It’s a strange feeling to hear Larks’ Tongues In Aspic Part One opening a concert after an absence of 40 years from the King Crimson setlist. Strange exhilarating. Just as the original recording served as a kind of overture heralding a new adventure in the ongoing KC story, so it does here.

There are so many highlights just within the one piece; Pat summoning Jamie Muir’s presence in the introductory build; the pounding theme; Jakko’s spidery lines scuttling between percussive salvos; Robert and Tony’s short-but-sweet soloing underpinned by Gavin’s driving beats; Mel Collins’ wry flute solo and Bill’s haunting atmospherics; the triumphant downbeat into the bittersweet coda. It’s one hell of a way to open a gig.

Pictures Of A City never sounded as forceful or as dynamic as it does performed by this line-up. With scorching vocals and barbed wire lead lines, the three drummers meld into one body spurring the entire ensemble onwards. Collins’ feverish sax solo in the middle section ups the temperature as he does in the glowering improv during The Letters.

Yet listening to the concert it becomes obvious that there’s no single star of this show. This Crimson is all about teamwork; the work of one supporting the work of many, to borrow a well-known phrase. There’s the thrill of the big set-piece moments and the joy in alighting upon the tiny, painstaking details that have been invested into the fabric of this music.
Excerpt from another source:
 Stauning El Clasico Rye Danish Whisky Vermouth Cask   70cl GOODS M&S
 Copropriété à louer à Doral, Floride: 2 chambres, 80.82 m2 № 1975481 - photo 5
Radical Action... and Meltdown typify that approach. A classic Crim rollercoaster of simultaneously ascending and descending dovetailing lines and baton-passing beats calculated to create a wildly dynamic yet intricate mechanism.

As the last notes of a barn-storming Starless dies away, smoldering under the intense red stage light, it’s one hell of a way to close a gig. And after the encores King Crimson stand reinvented and triumphant taking deserved applause after turning in an astonishingly powerful performance.